Curalate uses a micro-services infrastructure (SOA) to power its products. As the number of services began to grow, tracking down performance issues became more difficult due to the increasing number of distributed dependencies. To help identify and fix these issues more quickly, we wanted to utilize a distributed tracing infrastructure. The main goals were:

  • Standardize on performance tracing across services
  • Generation of trace identifiers that flow throughout the platform
  • Identify and examine outliers in near real-time
  • Collection of performance data that could also be post-processed
  • Easy for developers to add trace points

After evaluating several distributed tracing solutions, we chose Zipkin. Zipkin is an open source Distributed Tracing project released by Twitter that is based on the ideas behind Google’s Dapper. Since a majority of our services were already based on Finagle, Twitter’s open source RPC system, using Zipkin is a natural fit.

What are the main benefits of Zipkin?

Performance and Dependency Visualization

Zipkin allows you to quickly visualize complex requests, gaining insight into the timing, performance and dependencies. Here is an example trace from our QA environment (with names altered):

Traces can be queried based on endpoint, service, or even using custom trace annotations. For example, display requests that occurred in the last hour targeting object “foo” that were greater than 250 ms.

The Zipkin Project

The Zipkin project has done a majority of the heavy lifting! They separated trace generation, collection, storage, and display to allow for trace collection at large scale. The project provides the following components:

  • Collector: Reads traces from Transport layer (Kafka, HTTP, Scribe) and writes them to a storage layer (MySQL, Cassandra, ElasticSearch, etc.)
  • Query Server: Queries the storage layer for relevant traces
  • Web Server: UI that access the Query component for traces

Depending on your trace throughput requirements, you can choose the trace transport, storage and number of collectors to fit your needs.

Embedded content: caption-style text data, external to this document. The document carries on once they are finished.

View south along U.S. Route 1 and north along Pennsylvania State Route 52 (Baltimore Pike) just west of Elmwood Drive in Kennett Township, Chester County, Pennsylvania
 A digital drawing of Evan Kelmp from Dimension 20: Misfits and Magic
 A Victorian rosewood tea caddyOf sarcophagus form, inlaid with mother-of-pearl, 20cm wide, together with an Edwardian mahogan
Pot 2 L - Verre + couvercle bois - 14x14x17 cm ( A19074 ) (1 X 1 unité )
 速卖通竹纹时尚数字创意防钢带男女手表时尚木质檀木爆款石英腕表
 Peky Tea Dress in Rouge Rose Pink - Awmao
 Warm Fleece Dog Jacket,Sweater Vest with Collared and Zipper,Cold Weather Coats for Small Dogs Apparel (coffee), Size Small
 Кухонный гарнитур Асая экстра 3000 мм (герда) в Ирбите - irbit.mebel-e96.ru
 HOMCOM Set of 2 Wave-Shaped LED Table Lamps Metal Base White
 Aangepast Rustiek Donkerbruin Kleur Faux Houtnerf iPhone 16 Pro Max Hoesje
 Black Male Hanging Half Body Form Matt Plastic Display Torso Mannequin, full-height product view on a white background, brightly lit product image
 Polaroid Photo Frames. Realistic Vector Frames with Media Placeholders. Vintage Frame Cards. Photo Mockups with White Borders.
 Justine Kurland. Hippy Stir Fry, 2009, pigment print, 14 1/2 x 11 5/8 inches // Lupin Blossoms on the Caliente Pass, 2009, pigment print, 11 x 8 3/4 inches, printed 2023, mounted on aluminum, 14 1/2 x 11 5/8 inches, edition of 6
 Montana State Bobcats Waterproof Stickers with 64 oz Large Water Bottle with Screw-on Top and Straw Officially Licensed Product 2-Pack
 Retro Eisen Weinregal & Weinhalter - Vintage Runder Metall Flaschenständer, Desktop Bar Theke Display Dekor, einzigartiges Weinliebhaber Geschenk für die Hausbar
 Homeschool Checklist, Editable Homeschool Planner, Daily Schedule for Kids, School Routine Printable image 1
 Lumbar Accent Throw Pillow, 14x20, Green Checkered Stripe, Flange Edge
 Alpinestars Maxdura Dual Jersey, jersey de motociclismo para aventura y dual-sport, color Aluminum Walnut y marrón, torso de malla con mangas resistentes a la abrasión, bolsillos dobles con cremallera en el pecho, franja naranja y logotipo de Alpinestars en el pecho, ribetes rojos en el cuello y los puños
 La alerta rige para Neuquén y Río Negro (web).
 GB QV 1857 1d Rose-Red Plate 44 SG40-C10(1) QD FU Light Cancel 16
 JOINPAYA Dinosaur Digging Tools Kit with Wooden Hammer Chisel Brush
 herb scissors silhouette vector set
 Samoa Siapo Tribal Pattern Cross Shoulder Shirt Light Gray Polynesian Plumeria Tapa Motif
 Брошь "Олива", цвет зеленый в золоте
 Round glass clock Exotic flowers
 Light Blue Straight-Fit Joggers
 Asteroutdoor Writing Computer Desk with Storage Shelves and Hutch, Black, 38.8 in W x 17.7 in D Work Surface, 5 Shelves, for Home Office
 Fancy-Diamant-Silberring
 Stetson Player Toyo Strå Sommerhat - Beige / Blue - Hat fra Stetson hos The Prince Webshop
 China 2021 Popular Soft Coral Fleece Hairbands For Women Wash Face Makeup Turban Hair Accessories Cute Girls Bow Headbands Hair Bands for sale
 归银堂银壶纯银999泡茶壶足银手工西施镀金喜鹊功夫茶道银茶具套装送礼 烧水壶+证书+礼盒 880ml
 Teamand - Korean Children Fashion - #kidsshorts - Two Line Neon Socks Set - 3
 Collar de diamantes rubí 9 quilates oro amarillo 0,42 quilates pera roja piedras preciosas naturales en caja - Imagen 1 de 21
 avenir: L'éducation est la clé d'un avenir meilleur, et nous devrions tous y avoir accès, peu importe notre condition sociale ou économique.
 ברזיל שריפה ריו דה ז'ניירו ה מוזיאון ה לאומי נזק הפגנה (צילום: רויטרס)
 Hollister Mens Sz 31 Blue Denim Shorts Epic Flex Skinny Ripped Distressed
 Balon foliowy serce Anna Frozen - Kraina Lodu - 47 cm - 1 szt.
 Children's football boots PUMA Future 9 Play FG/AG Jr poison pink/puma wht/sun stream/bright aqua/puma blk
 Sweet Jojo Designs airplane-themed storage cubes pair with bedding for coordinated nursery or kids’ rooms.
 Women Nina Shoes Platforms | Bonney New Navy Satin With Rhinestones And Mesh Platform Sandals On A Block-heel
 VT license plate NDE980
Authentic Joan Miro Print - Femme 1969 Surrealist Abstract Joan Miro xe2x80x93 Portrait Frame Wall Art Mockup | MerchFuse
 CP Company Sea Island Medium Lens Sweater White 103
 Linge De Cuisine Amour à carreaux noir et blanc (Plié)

The amount of actual tracing-related code needed to generate a trace similar to the example above is quite small. We only needed to add a few tracing wrappers, a filter on the incoming requests, and trace points where non-finagle services are accessed (since any finagle-based access gets traced automatically).

Finally, Zipkin also has an active open source community and is under active development. For instance, they recently combined the Query and Web server components and added ElasticSearch as an additional storage option. And it isn’t hard to find others using Zipkin on the web too.

Pitfalls

Why didn’t my trace show up?

Curalate uses Scala as its main language for backend infrastructure. The Zipkin trace identifiers are stored in 
Twitter Locals (i.e. thread local storage). Our codebase contains a mix of threading models and thread pools. 
Making sure the current trace identifier can be accessed from any thread without explicitly passing it around required overriding the 
standard Scala thread-pools. There were quite a few times during development when a trace point was not logged as expected.

MySQL as the storage layer

MySQL was great for getting up a quick proof of concept and the initial roll out. However, as we increase the number of traces being sampled, MySQL is becoming a bottleneck on both the trace ingest and serving side. The good news is that we knew this possibility going in, and swapping out storage options (for Cassandra or ElasticSearch) should be relatively painless.

Final Thoughts

We have had Zipkin deployed for a few months now. The tracing pipeline is stable, and with the help of Zipkin we have identified and fixed several performance issues across multiple services. It is great to have another tool in our distributed systems tool belt!